Restate the data word for word. Leave the pictures out.

Stored data -
::::::::::

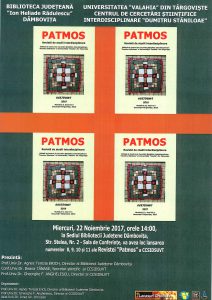 Afis lansare revista Patmos - 22 nov 2017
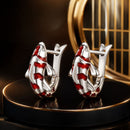 925 Sterling Silver Enamel and CZ Earrings with Platinum Plating for Women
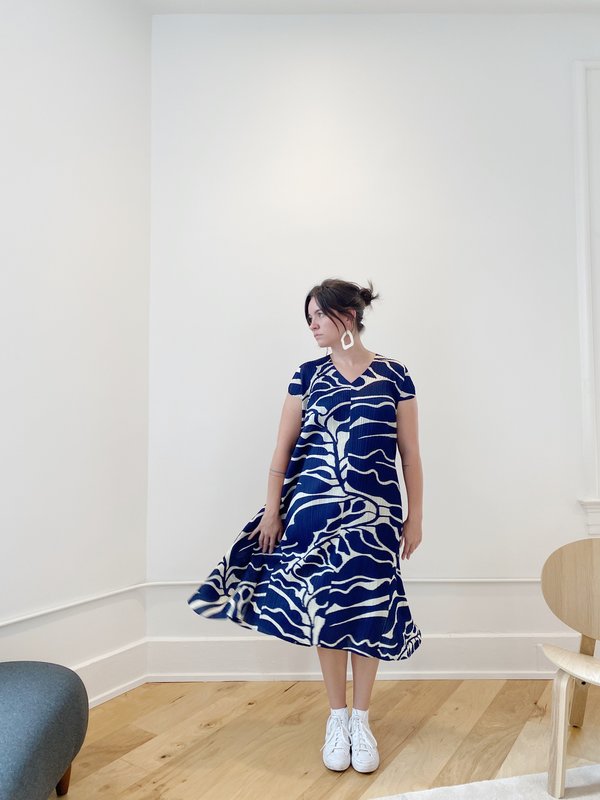 Pleats Please by Issey Miyake Dreaming Leaves Dress - Blue Herbs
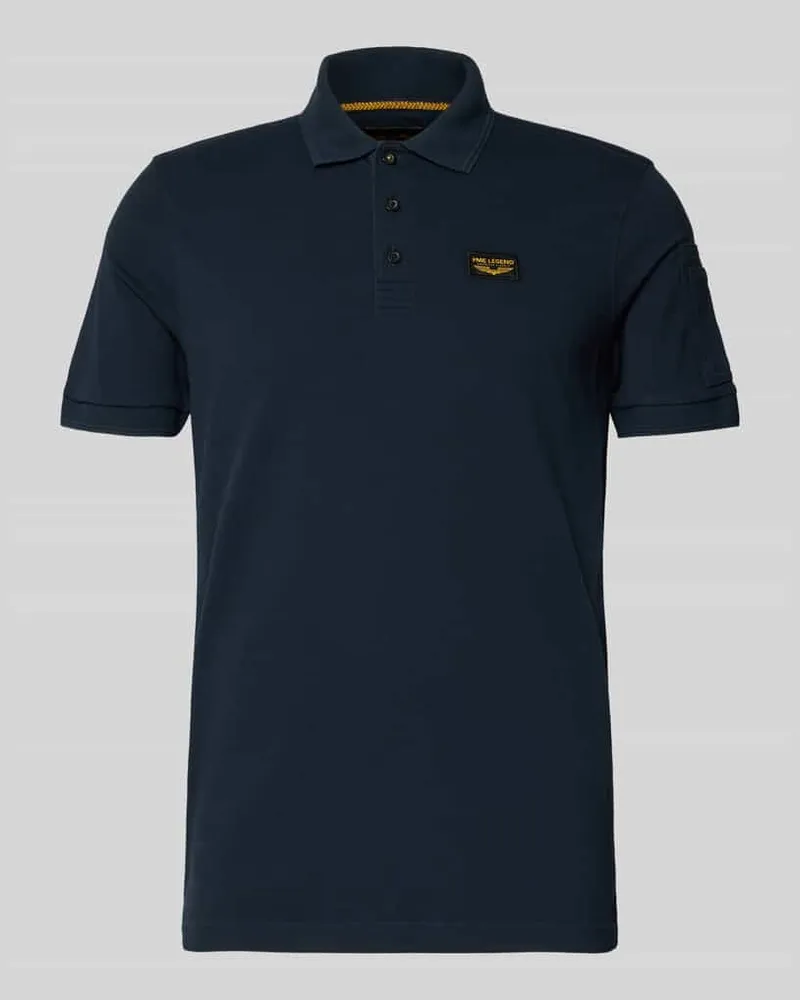 PME Legend Slim Fit Poloshirt mit Label-Stitching Modell 'TRACKWAY Marine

::::::::::

Your solution -
 Afis lansare revista Patmos - 22 nov 2017
 925 Sterling Silver Enamel and CZ Earrings with Platinum Plating for Women
 Pleats Please by Issey Miyake Dreaming Leaves Dress - Blue Herbs
 PME Legend Slim Fit Poloshirt mit Label-Stitching Modell 'TRACKWAY Marine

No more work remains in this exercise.